The result also builds on a much older baseline: back in Q1 2024, TSMC’s year-on-year revenue growth was a comparatively modest 13%, reflecting a more mixed demand environment before AI infrastructure orders fully came into their own.3 The compound rate of improvement since then illustrates how durable the current upcycle has become, a point that directly affects how investors should think about the stock’s earnings power over a five-year horizon. Micron Technology’s recent $3 billion U.S. memory commitment similarly reflects how the entire semiconductor supply chain is repositioning around AI workloads.
What Is Driving the Numbers
The consistent theme across both quarters is what TSMC’s own management has described as insatiable demand for energy-efficient computing. CEO C.C. Wei said in an earlier earnings call that
“almost all the AI innovators are working with TSMC to address the insatiable AI-related demand for energy efficient computing power.”3
That dynamic is structural, not cyclical. AI server builds require leading-edge three-nanometre and five-nanometre process nodes where TSMC holds a commanding manufacturing lead, and the company’s own prior guidance suggested AI-related data-centre work could exceed 20% of total revenue by 2028 – a figure that Q2’s trajectory may force analysts to revise upward.
Margin & Capacity Implications for Long-Term Holders
Revenue growth at this scale matters most when it compounds with pricing discipline and capacity expansion. TSMC has guided capital expenditure in the $28 billion to $32 billion range for the current cycle, with 70%-80% directed at advanced technologies – meaning the company is deliberately concentrating investment where it already dominates.3
Overseas fab expansion in Arizona, Japan, and Germany adds geopolitical resilience to the revenue mix but also introduces higher operating costs, a trade-off that management has acknowledged will weigh on near-term margins even as it broadens the customer base. For long-horizon investors, the question is whether AI-linked volume growth is sufficient to absorb those incremental costs while keeping gross margins above structural support levels – and Q2’s beat suggests the answer, for now, is yes.
Outlook
TSMC has not yet released its full Q2 earnings call transcript or issued formal Q3 guidance alongside Monday’s revenue disclosure. Analysts will be watching closely for any commentary on whether the 36% growth rate is sustainable into the second half of 2026, particularly given macro uncertainty and the concentration of AI spending among a relatively small number of hyperscale customers.
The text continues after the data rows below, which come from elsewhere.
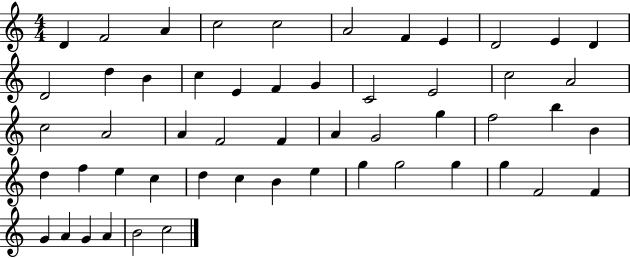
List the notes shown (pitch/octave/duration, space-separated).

D4/q F4/h A4/q C5/h C5/h A4/h F4/q E4/q D4/h E4/q D4/q D4/h D5/q B4/q C5/q E4/q F4/q G4/q C4/h E4/h C5/h A4/h C5/h A4/h A4/q F4/h F4/q A4/q G4/h G5/q F5/h B5/q B4/q D5/q F5/q E5/q C5/q D5/q C5/q B4/q E5/q G5/q G5/h G5/q G5/q F4/h F4/q G4/q A4/q G4/q A4/q B4/h C5/h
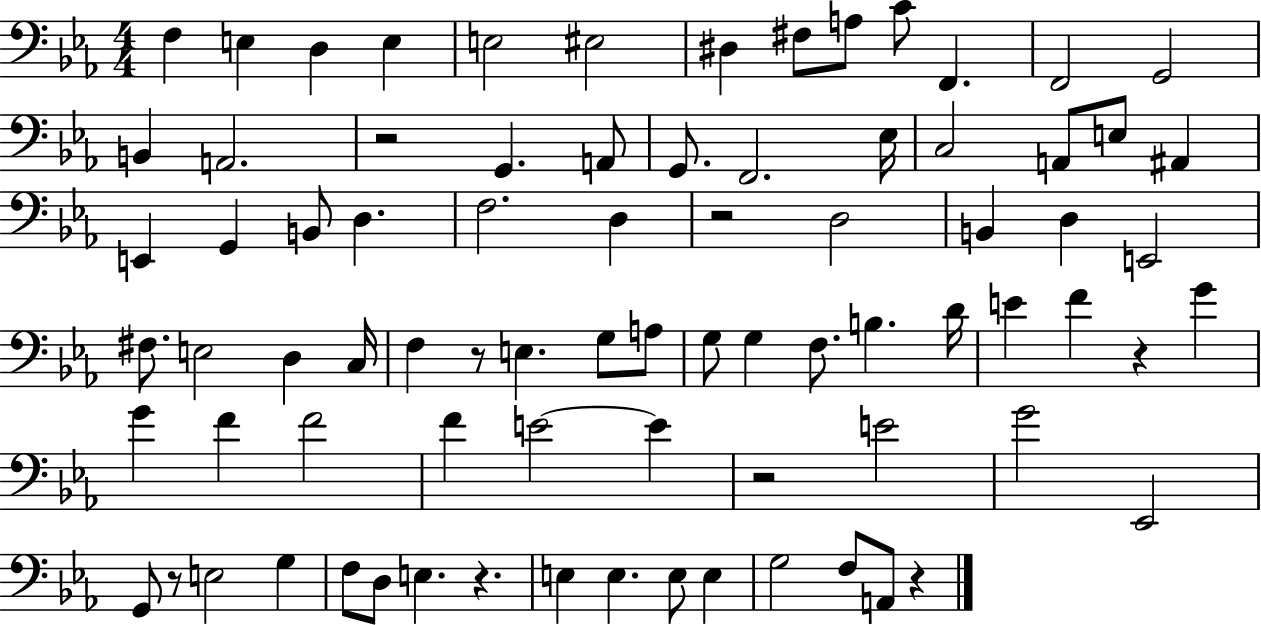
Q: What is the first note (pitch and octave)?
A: F3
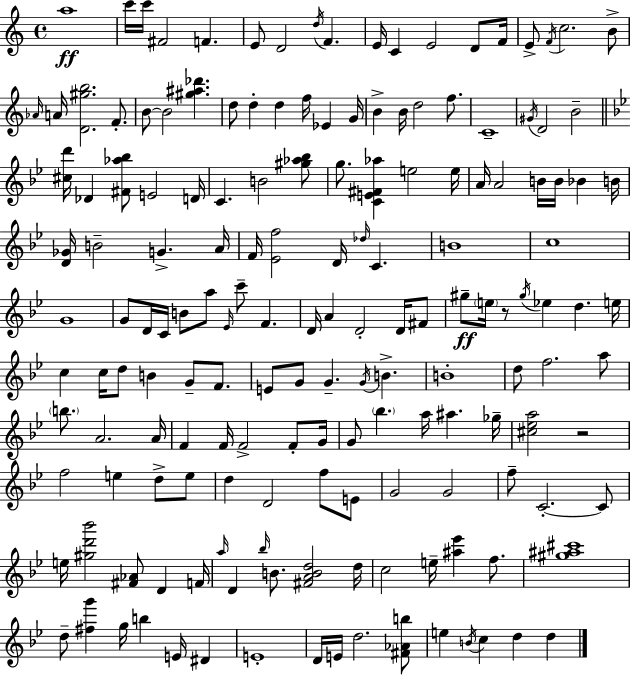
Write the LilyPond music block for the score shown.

{
  \clef treble
  \time 4/4
  \defaultTimeSignature
  \key a \minor
  \repeat volta 2 { a''1\ff | c'''16 c'''16 fis'2 f'4. | e'8 d'2 \acciaccatura { d''16 } f'4. | e'16 c'4 e'2 d'8 | \break f'16 e'8-> \acciaccatura { f'16 } c''2. | b'8-> \grace { aes'16 } a'16 <d' gis'' b''>2. | f'8.-. b'8~~ b'2 <gis'' ais'' des'''>4. | d''8 d''4-. d''4 f''16 ees'4 | \break g'16 b'4-> b'16 d''2 | f''8. c'1-- | \acciaccatura { gis'16 } d'2 b'2-- | \bar "||" \break \key bes \major <cis'' d'''>16 des'4 <fis' aes'' bes''>8 e'2 d'16 | c'4. b'2 <gis'' aes'' bes''>8 | g''8. <c' e' fis' aes''>4 e''2 e''16 | a'16 a'2 b'16 b'16 bes'4 b'16 | \break <d' ges'>16 b'2-- g'4.-> a'16 | f'16 <ees' f''>2 d'16 \grace { des''16 } c'4. | b'1 | c''1 | \break g'1 | g'8 d'16 c'16 b'8 a''8 \grace { ees'16 } c'''8-- f'4. | d'16 a'4 d'2-. d'16 | fis'8 gis''8--\ff \parenthesize e''16 r8 \acciaccatura { gis''16 } ees''4 d''4. | \break e''16 c''4 c''16 d''8 b'4 g'8-- | f'8. e'8 g'8 g'4.-- \acciaccatura { g'16 } b'4.-> | b'1-. | d''8 f''2. | \break a''8 \parenthesize b''8. a'2. | a'16 f'4 f'16 f'2-> | f'8-. g'16 g'8 \parenthesize bes''4. a''16 ais''4. | ges''16-- <cis'' ees'' a''>2 r2 | \break f''2 e''4 | d''8-> e''8 d''4 d'2 | f''8 e'8 g'2 g'2 | f''8-- c'2.-.~~ | \break c'8 e''16 <gis'' d''' bes'''>2 <fis' aes'>8 d'4 | f'16 \grace { a''16 } d'4 \grace { bes''16 } b'8. <fis' a' b' d''>2 | d''16 c''2 e''16-- <ais'' ees'''>4 | f''8. <gis'' ais'' cis'''>1 | \break d''8-- <fis'' g'''>4 g''16 b''4 | e'16 dis'4 e'1-. | d'16 e'16 d''2. | <fis' aes' b''>8 e''4 \acciaccatura { b'16 } c''4 d''4 | \break d''4 } \bar "|."
}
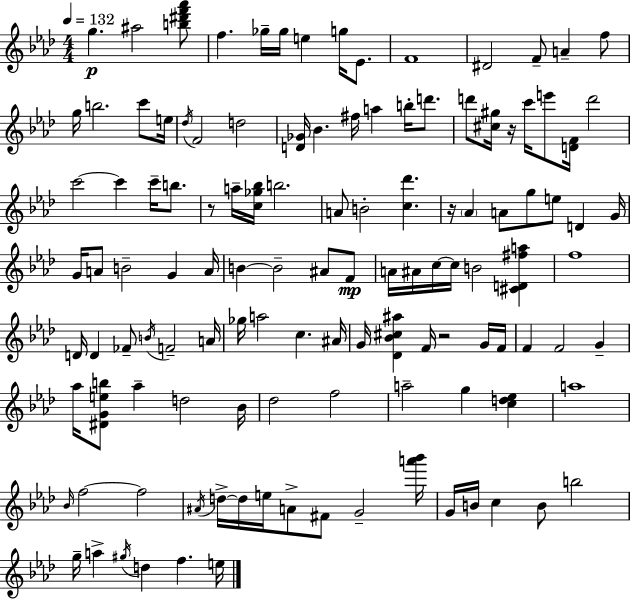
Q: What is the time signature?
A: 4/4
Prior guidance from management, issued at the January 2026 earnings call, pointed to Q1 revenue of $34.6 billion to $35.8 billion – a range TSMC hit precisely – suggesting the company’s own visibility into near-term demand is unusually high by semiconductor industry standards.2
Conclusion
Two consecutive quarters of roughly 35%-plus revenue growth, both beating consensus, establish TSMC as the clearest financial beneficiary of the current AI infrastructure buildout. Whether that pace is priced into the stock is a valuation question each investor must answer independently, but the underlying revenue durability is increasingly difficult to dispute.
Not investment advice. For informational purposes only.
References
1(“TSMC Q2 revenue jumps 36% from a year earlier, beating market expectations”) (2026). “TSMC Q2 revenue jumps 36% from a year earlier, beating market expectations”. Reuters via Yahoo Finance. Retrieved July 13, 2026.
2(April 10, 2026). “TSMC’s first-quarter revenue surges as AI interest propels sales beyond market forecasts”. Yahoo Finance / Reuters. Retrieved July 13, 2026.
3Yimou Lee and Faith Hung (April 18, 2024). “TSMC expects Q2 sales to jump on ‘insatiable’ AI demand”. Reuters. Retrieved July 13, 2026.
4(April 10, 2026). “TSMC’s Q1 Revenue Beats Market Forecasts With 35% Jump”. TaiwanPlus News. Retrieved July 13, 2026.